Een voorbeeldig student was David Baden lange tijd niet, maar dat hij een laatbloeier was, heeft hem uiteindelijk veel gebracht. Hij werd SEH-arts en voorzitter van de beroepsvereniging én hij neemt geen blad voor de mond. “Niet alles kan een 10 zijn. Soms is een 7 ook goed.”

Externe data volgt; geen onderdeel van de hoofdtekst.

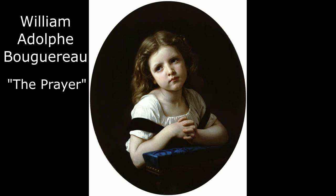Today I will show you how to find the colors in a reference photo using Photoshop. My reference is a painting by William Adolph Bouguereau titled The Prayer.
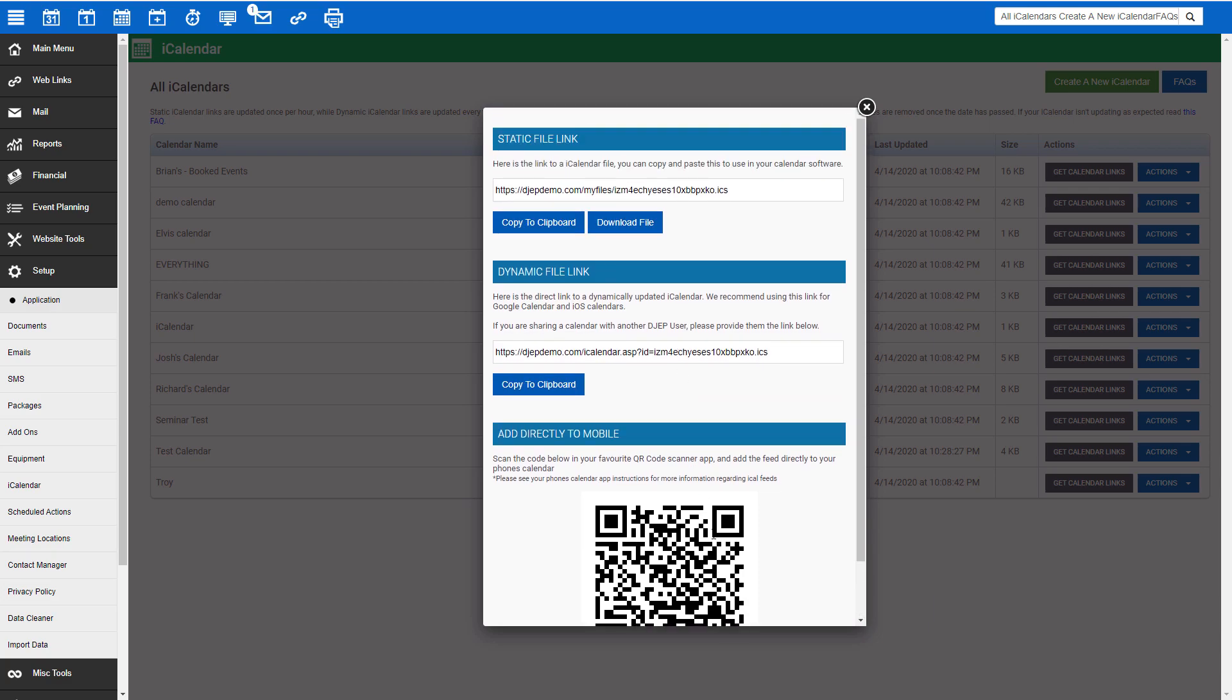If you are on a basic subscription or the trial plan, you will only be able to copy this static file link. Stand alone and above subscription levels, you will have a choice between static or dynamic. Static file links will not update automatically as events, appointments, time off, and blackout dates are added or edited. The calendar will need to be manually refreshed in order to see those updates in your third-party calendar application. Dynamic file links will update automatically as those changes are made in your account. We recommend using the dynamic file link for most calendar applications.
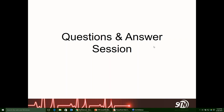Our first question: what resources is STN developing going forward? For one, this webinar. Our government affairs and advocacy resources are going to be added to the STN website. We're also expanding our government affairs and public policy committee — keep an eye out. We'll be sending e-blasts with an application for anyone interested in joining the committee.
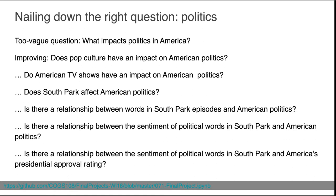The final refined question is: 'Is there a relationship between the sentiment of political words in South Park and the American president's approval rating?' Now we have a question specific enough that we could come up with a way to measure it. We can use NLP algorithms to identify words and rate their emotional sentiment, get South Park transcripts, and get presidential approval rating polling data. It seems specific enough to ask — and we also have to think about whether it's interesting and worth doing.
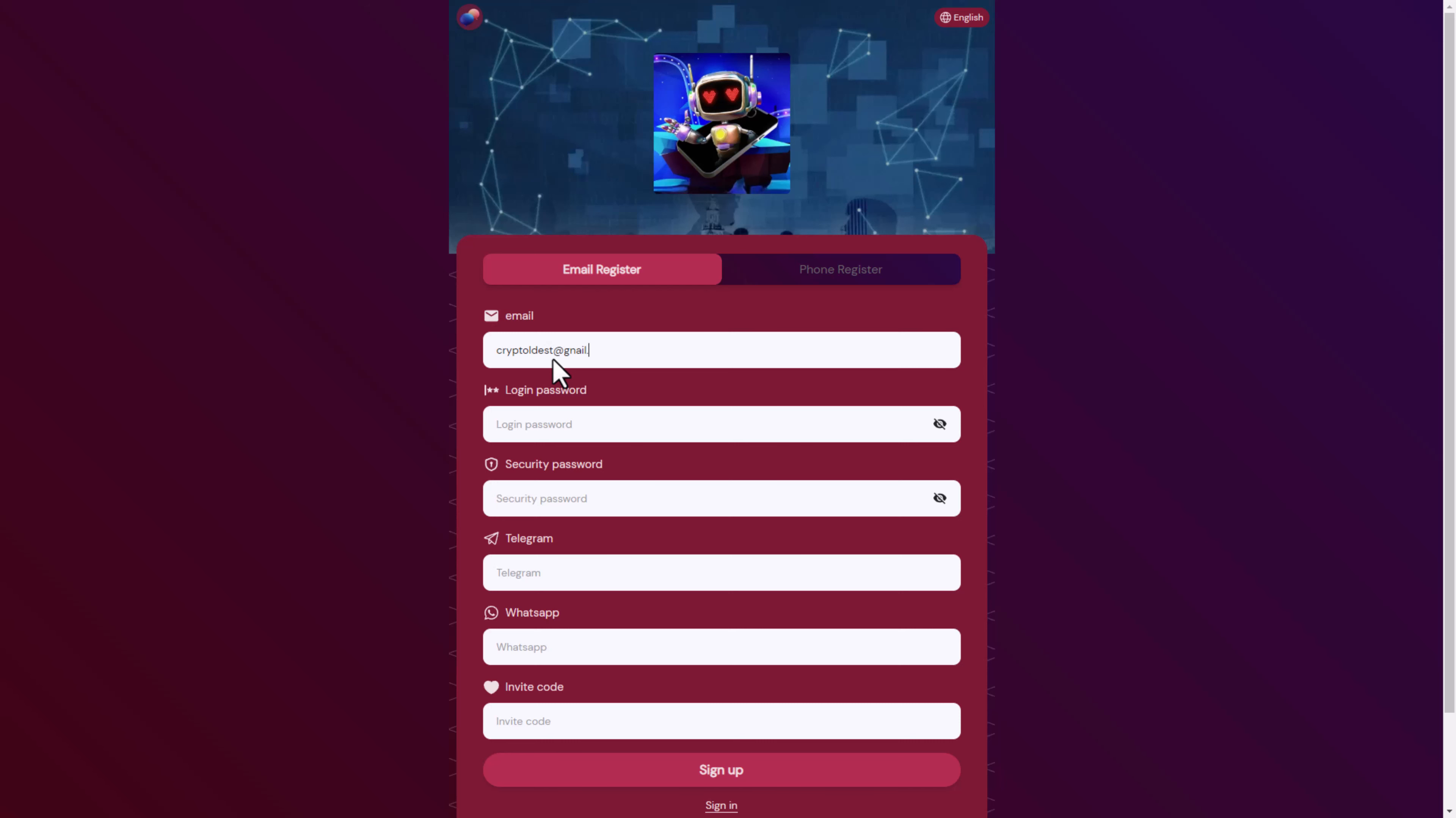Here I will put my telegram account, then my phone number, and after that the invitation code of this website. I will leave my invitation code below the video and click sign up.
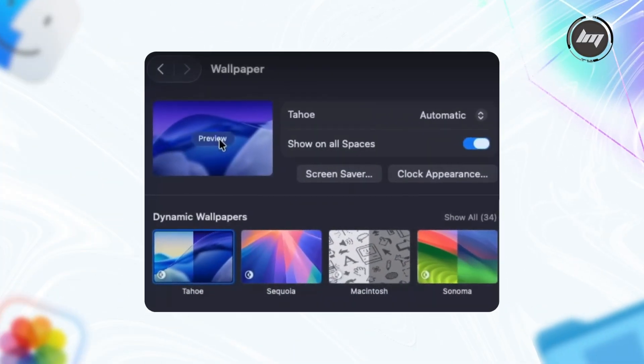There are new Tahoe-branded animated screensavers that add a dynamic, visually engaging element to the desktop, and the wallpaper is now named as Tahoe.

Voor een felicitatie vindt David Baden (41) het nog te vroeg. Het CGS mag de spoedeisende geneeskunde dan als medisch specialisme hebben erkend, de minister moet die erkenning nog wel bekrachtigen. “Ik ben nog wat voorzichtig”, laat de voorzitter van de beroepsvereniging van SEH-artsen (NVSHA) zich ontvallen terwijl we van de SEH in het Diakonessenhuis in Utrecht naar de brasserie lopen voor ‘lekkere koffie’. “Er is nog altijd een diepgewortelde angst dat de zorg duurder wordt door deze erkenning en dat we niet de samenwerker blijven die we nu zijn.”

Financiële vrees

De tegenargumenten veegt Baden van tafel zodra we terug op de SEH een lege ruimte hebben gevonden. “SEH-artsen zijn generalisten, we functioneren niet bij het uitsluiten van anderen, maar juist bij samenwerking, dát is onze kracht.” En over die financiële vrees: “We zijn in loondienst en zitten al in dezelfde salarisschalen als medisch specialisten, dus we gaan niet meer verdienen. We hebben geen behoefte aan eigen DBC’s, maar als we die behoefte wel zouden hebben, kunnen we ook nu als profielarts, een eigen typeringslijst aanvragen bij de NZa. En nee, er komt ook geen extra behandellaag bij door deze erkenning. We zijn er al, we leveren deze zorg al en uit onderzoeken blijkt dat dat de doorlooptijden op de SEH verkort.”

‘SEH-artsen zijn generalisten, we functioneren niet bij het uitsluiten van anderen’

Baden ziet alleen maar voordelen: “Titelbescherming, een eigen register. In de eerste plaats is het fijn dat we gewaardeerd worden en dat hiermee de ongedifferentieerde patiënt een plek krijgt. Verder worden we juridisch gelijkgetrokken met andere specialismen, geeft het ons een gelijkwaardiger positie in het machtsspel in de zorg en krijgen we toegang tot subsidiestromen voor onderzoek en richtlijnontwikkeling.”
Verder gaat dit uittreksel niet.